两种开始多线程方式
Runable接口
public class RunnableStyle implements Runnable {
public static void main(String[] args) {
Thread thread = new Thread(new RunnableStyle());
thread.start();
}
@Override
public void run() {
System.out.println("hello");
}
}
继承Thread并重写run方法
public class ThreadStyle extends Thread {
@Override
public void run() {
System.out.println("hello");
}
public static void main(String[] args) {
new ThreadStyle().start();
}
}
停止多线程
停止非阻塞的线程
一般情况下,线程退出可以使用while循环判断共享变量条件的方式,当线程内有阻塞操作时,可能导致线程无法运行到条件判断的地方而导致一直阻塞下去,这个时候就需要中断来帮助线程脱离阻塞。

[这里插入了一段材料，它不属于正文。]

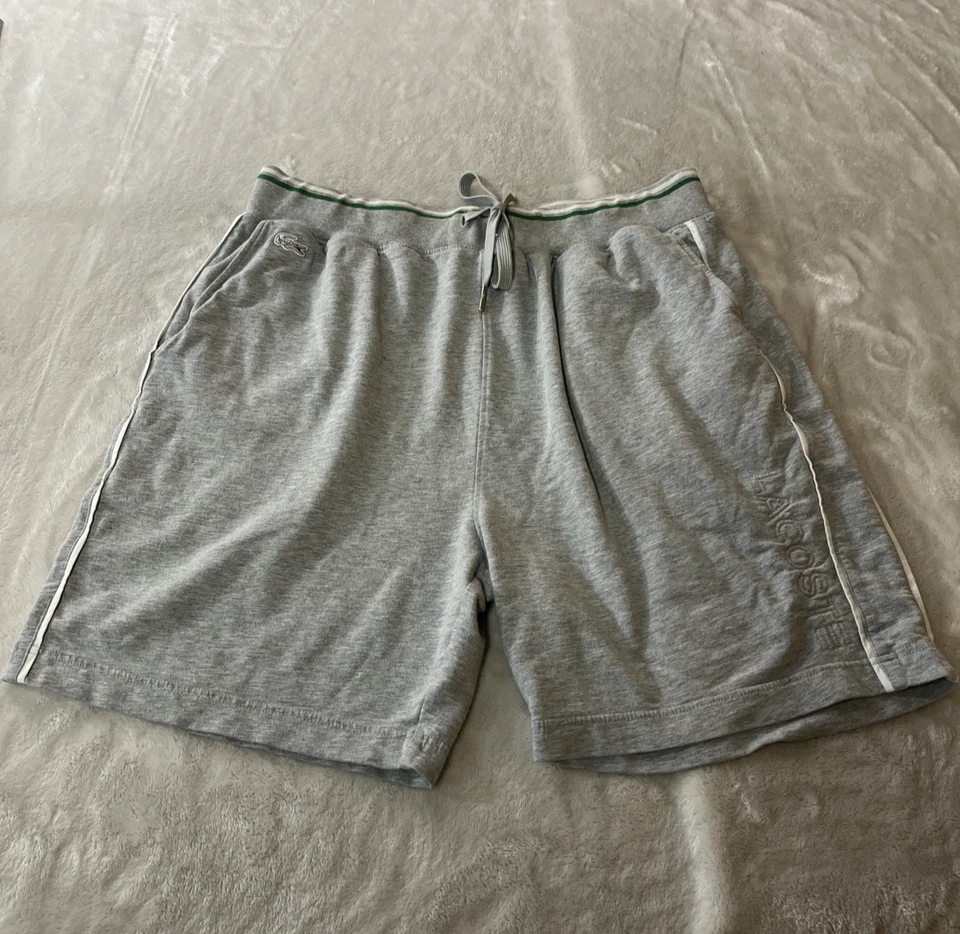 Lacoste Hombres XL Ropa de Dormir Pijama Pantalones Cortos Gris Jaspeado Verde Deletrear Logo Comodidad Foto 1 de 4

因此比较优雅的退出线程方式是结合共享变量和中断。
public class RightWayStop implements Runnable{
public static void main(String[] args) throws InterruptedException {
Thread thread = new Thread(new RightWayStop());
thread.start();
thread.sleep(100);
thread.interrupt();
}
@Override
public void run() {
int i =0;
while (!Thread.currentThread().interrupted()&&i<Integer.MAX_VALUE/2){
if(i%10000==0){
System.out.println(i);
}
i++;
if(i>=Integer.MAX_VALUE/2){
System.out.println("finished");
}
}
}
}
停止阻塞的线程
对于处于sleep,join等操作的线程,如果被调用interrupt()后,会抛出InterruptedException,然后线程的中断标志位会由true重置为false,因为线程为了处理异常已经重新处于就绪状态。

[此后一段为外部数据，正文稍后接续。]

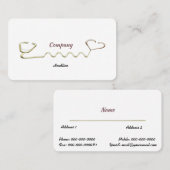 Carte De Visite Stéthoscope d'or (Devant / Derrière)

public class RightWayStop {
public static void main(String[] args) throws InterruptedException {
Runnable runnable = () -> {
int i = 0;
try {
Thread.sleep(200000);
} catch (InterruptedException e) {
System.out.println(e);
// e.printStackTrace();
}
};
Thread thread = new Thread(runnable);
thread.start();
Thread.sleep(1000);
thread.interrupt();
}
}
Thead.sleep
Thread.sleep一旦执行 会清除interupted状态
中断线程
处理中断的两种姿势
注意:
- 不要屏蔽中断
- volatile的boolean无法处理长时间阻塞的情况
优先选择在方法上抛出异常
用throws InterruptedException 标记你的方法,不采用try 语句块捕获异常,以便于该异常可以传递到顶层,让run方法可以捕获这一异常.
恢复中断
如果不想或无法传递InterruptedException(例如用run方法的时候,就不让该方法throws InterruptedException),那么应该选择在catch 子句中调用Thread.currentThread().interrupt() 来恢复设置中断状态,以便于在后续的执行依然能够检查到刚才发生了中断。
public class RightWayStop implements Runnable{
public static void main(String[] args) throws InterruptedException {
Thread thread = new Thread(new RightWayStop());
thread.start();
thread.sleep(3000);
thread.interrupt();
}
private void reInterupt(){
try {
System.out.println("aaa");
Thread.sleep(1000);
} catch (InterruptedException e) {
Thread.currentThread().interrupt();
e.printStackTrace();
}
}
@Override
public void run() {
while (true) {
if(Thread.currentThread().isInterrupted()){
System.out.println("break");
break;
}
reInterupt();
}
}
}
Thread.interrupted() 和 thread.isInterrupted()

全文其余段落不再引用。